■ **Data shown**
= Beginning of Section =
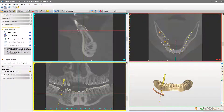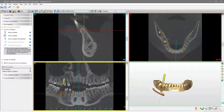Additionally, there are four windows: three 2D views and one 3D view. The 2D views are framed with different colors — red for the axial view, blue for the cross-sectional view, and yellow for the panoramic view.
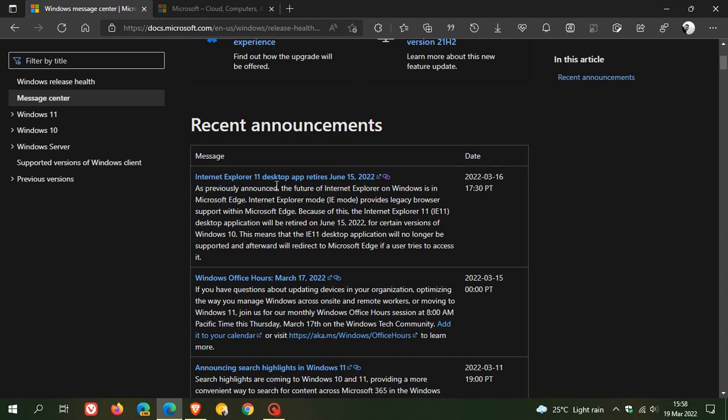say: Internet Explorer 11 desktop app retires June 15th, 2022. Just to read this quickly: as previously announced, the future of Internet Explorer on Windows is in Microsoft Edge. Internet Explorer mode provides legacy browser support within Microsoft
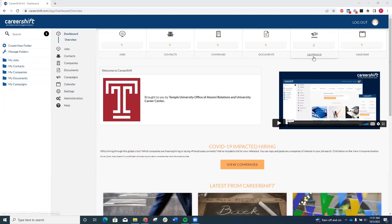You'll log into CareerShift using your Temple email address, which you can request if you no longer have it. Once you're logged in, you'll focus on this dashboard column on the left-hand side of the screen.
= End of Section =
■ **Task goal**
Every line above is to be reproduced verbatim, and the pictures are to be omitted.

■ **Response**
Additionally, there are four windows: three 2D views and one 3D view. The 2D views are framed with different colors — red for the axial view, blue for the cross-sectional view, and yellow for the panoramic view.
say: Internet Explorer 11 desktop app retires June 15th, 2022. Just to read this quickly: as previously announced, the future of Internet Explorer on Windows is in Microsoft Edge. Internet Explorer mode provides legacy browser support within Microsoft
You'll log into CareerShift using your Temple email address, which you can request if you no longer have it. Once you're logged in, you'll focus on this dashboard column on the left-hand side of the screen.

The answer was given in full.